- **EXERCISE DETAILS**
Exactly the lines from the one with "I want you to" through the end of the records below are needed, minus any pictures.
···
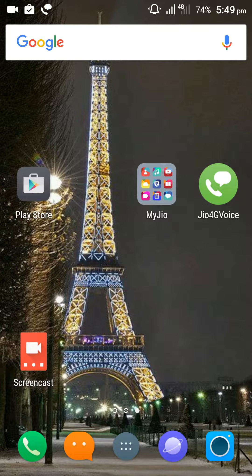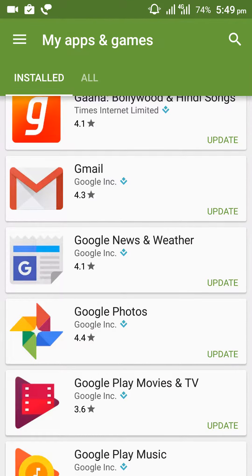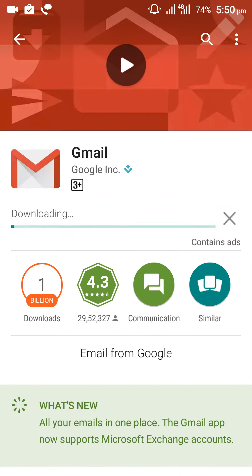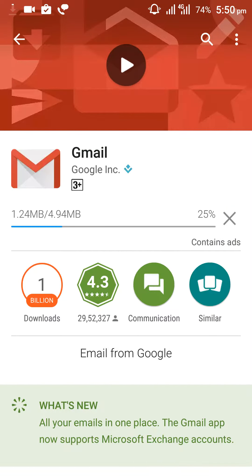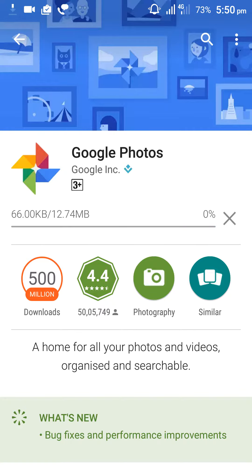Geo network speed test. I'm going to update some applications to show you the average speed of the geo network. This application is 4.94 MB — it is already downloaded and start updating. Let's try another application, it is 12.74 MB.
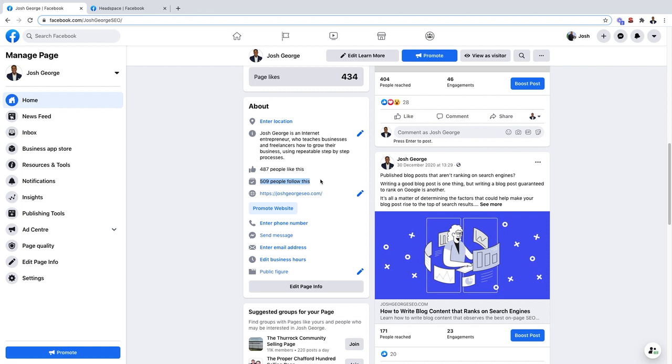But of course, it is very important to have Facebook likes as well, as it helps to build some social proof and credibility.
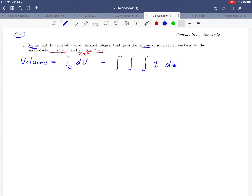After that, let's just pick an order — maybe we'll go dy dx. It's up to us to figure out what those limits are, and the key is having a picture.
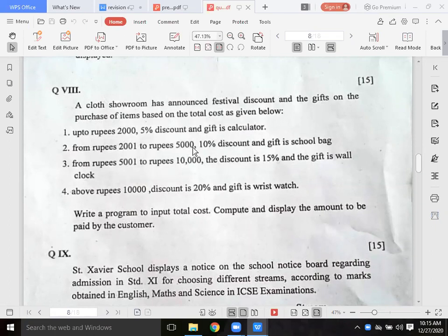From 2,001 to 5,000 rupees, a 10% discount and a gift of a school bag is given. From 5,000 to 10,000 rupees, 15% discount is applied.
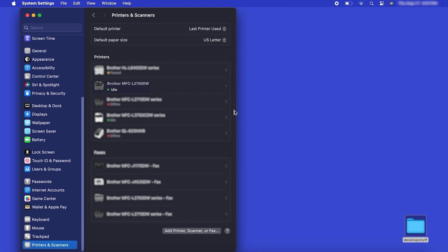Once added, your Brother machine is ready to print. If your model features a scanner, you'll need to download the Brother iPrint and Scan app to scan to your computer.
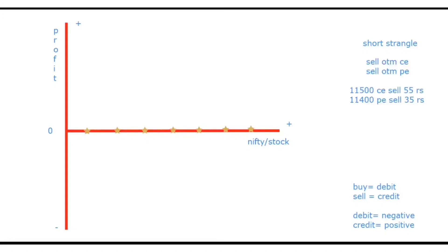So here, let's take an example. We are selling the 11,500 call at 55 rupees and the 11,400 put at 35 rupees.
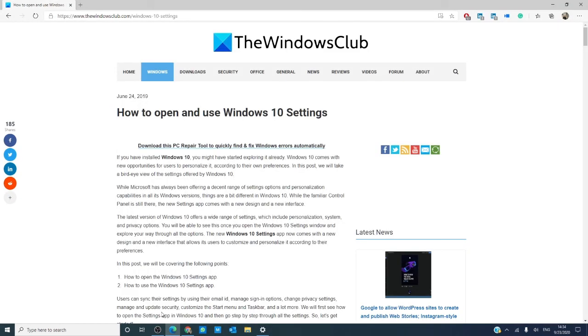For more helpful information about the latest from Windows 10, visit our website at thewindowsclub.com.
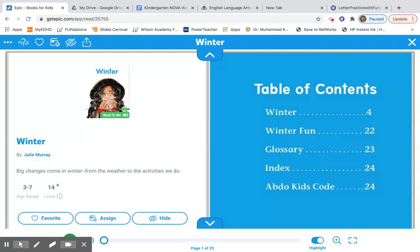I want you to pay close attention to what you learn about winter, because when we are done your next assignment is going to be to take out your writing journal and draw and label a winter picture. We might even write a sentence about winter if you're ready for it.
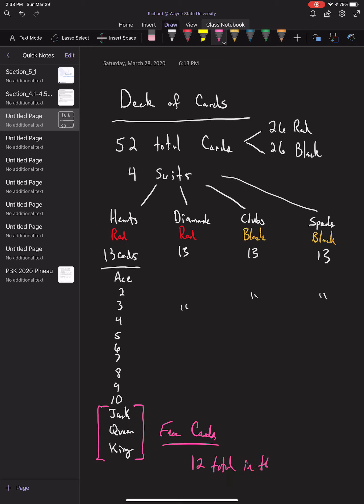So this is how a deck of cards is organized: 52 total cards, 26 red and 26 black. We have four suits—hearts and diamonds, which are red, and clubs and spades, which are black. Within each suit are 13 cards.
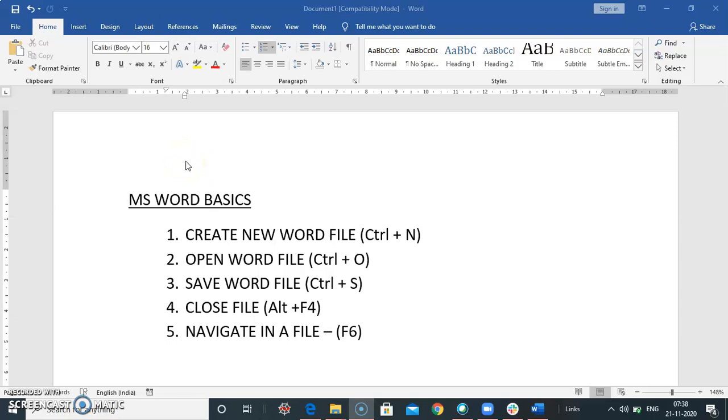In this video, we will see MS Word basics: how to create new word file, how to open word file, how to save word document, and how to close and navigate a file in an MS Word document.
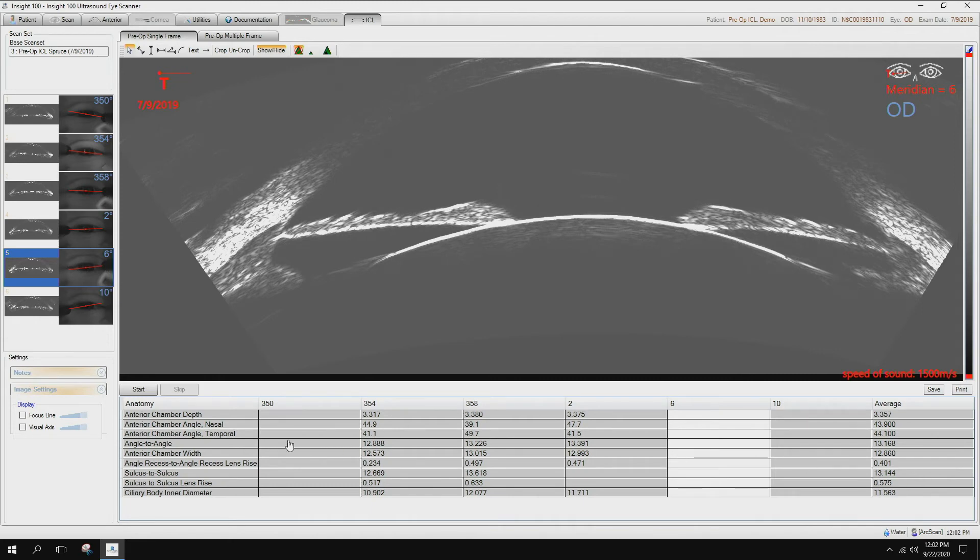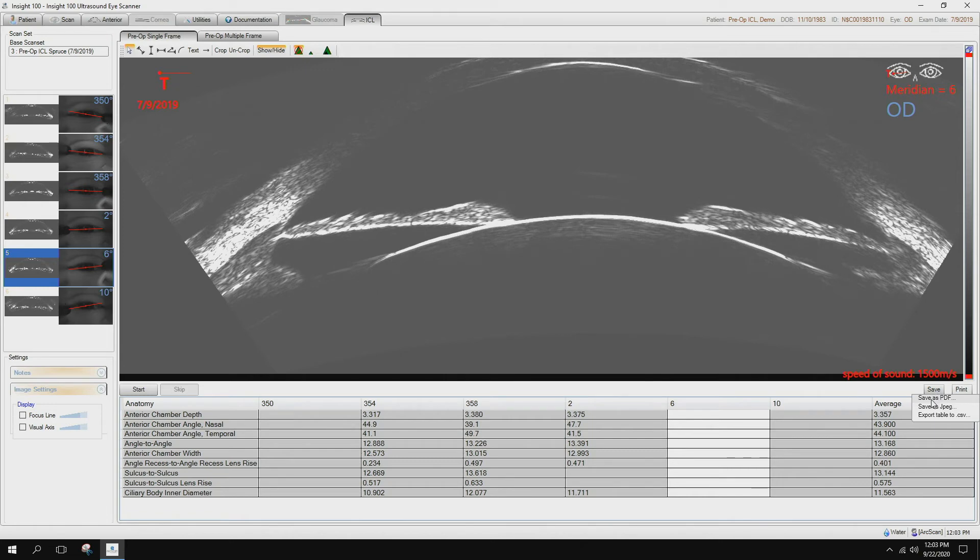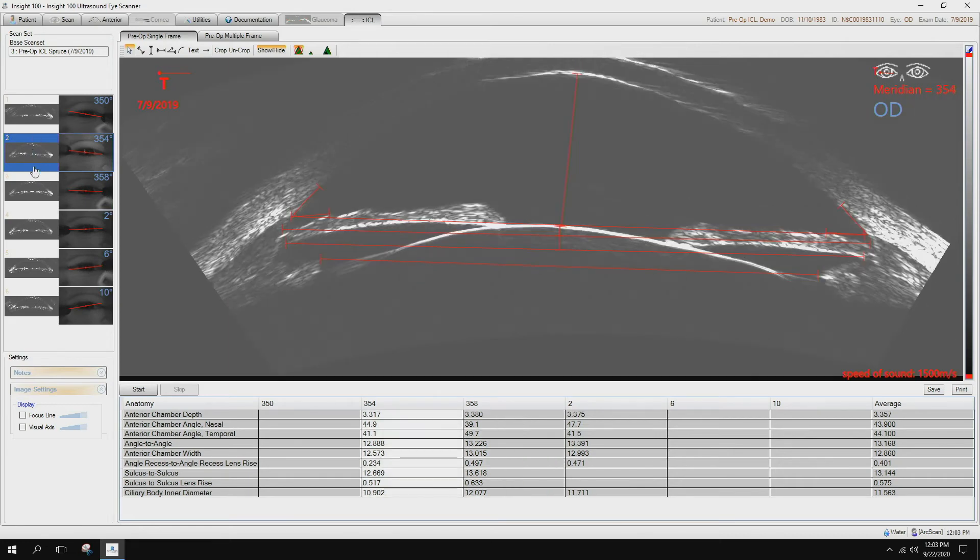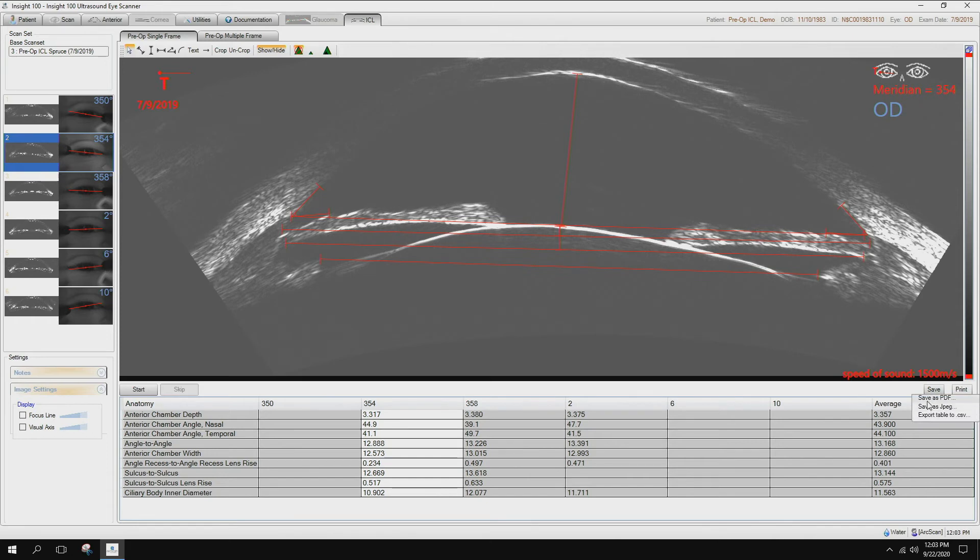Once you have gone through those and you feel that you have enough of your measurements taken, right here is the save button. Clicking on the save button, you have a couple options. You can save this image set as a PDF. Prior to saving it as a PDF, make sure you choose which one of these you feel is the best image to be present on that PDF. So when I hit save and save as a PDF, it is going to save that on this computer as a report with that picture and with all of the measurements that you have down on the table below.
···
- **WRITTEN REPLY**
I want you to pay close attention to what you learn about winter, because when we are done your next assignment is going to be to take out your writing journal and draw and label a winter picture. We might even write a sentence about winter if you're ready for it.
So this is how a deck of cards is organized: 52 total cards, 26 red and 26 black. We have four suits—hearts and diamonds, which are red, and clubs and spades, which are black. Within each suit are 13 cards.
In this video, we will see MS Word basics: how to create new word file, how to open word file, how to save word document, and how to close and navigate a file in an MS Word document.
Once you have gone through those and you feel that you have enough of your measurements taken, right here is the save button. Clicking on the save button, you have a couple options. You can save this image set as a PDF. Prior to saving it as a PDF, make sure you choose which one of these you feel is the best image to be present on that PDF. So when I hit save and save as a PDF, it is going to save that on this computer as a report with that picture and with all of the measurements that you have down on the table below.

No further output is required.